Verses 23-24: God’s patience is to show His glory to the recipients of His mercy and He did so to make known the riches of His glory upon vessels of mercy, which He prepared beforehand for glory. His mercy afforded God an opportunity to display Himself as well in terms of his Glory. The intrinsic value of God is worth learning of. So the reason for having us as objects of His mercy is to glorify Him. We advertise the character and the nature and the riches of God’s character! Even us, whom He also called, not from among Jews only, but also from among Gentiles. All that we face in life was prepared beforehand to glorify God. This is so for all of His people—both Jew and Gentile believers. Is the intrinsic value of God on display in your life?

PT—Yesterday I received call about Max who said ‘its getting darker’ in anticipation of leaving here to the glory he has been preparing Max for these past 88 years. He was at least ready to go.

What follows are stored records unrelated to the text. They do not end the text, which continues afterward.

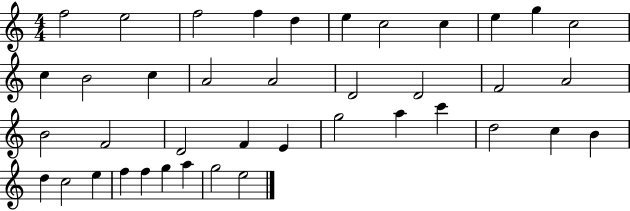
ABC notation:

X:1
T:Untitled
M:4/4
L:1/4
K:C
f2 e2 f2 f d e c2 c e g c2 c B2 c A2 A2 D2 D2 F2 A2 B2 F2 D2 F E g2 a c' d2 c B d c2 e f f g a g2 e2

Verses 25-26: To reinforce his point, Paul quoted Hosea. As He says also in Hosea, “I will call those who were not My people ‘My people’, and her who was not beloved, ‘beloved’. The inclusion of Gentiles into this chosen and called group is in harmony with Old Testament prophecy. God chose to extend His mercy beyond the boundaries of Israel to Gentiles. And it shall be that in the place where it was said to them, ‘you are not My people’ there they shall be called sons of the loving God.

Verses 27-28: Even thought the nation waits to be judged in the future, God will spare a remnant to ensure His promises to them. Isaiah cries out concerning Israel, “Though the number of the sons of Israel be like the sand of the sea, it is the remnant that will be saved. This will be true in the Tribulation.

This reckoning that God would make with mankind will be brief. For the Lord will execute His word on the earth, thoroughly and quickly.” Gods righteous work of judgment will be swiftly completed in 7 yrs.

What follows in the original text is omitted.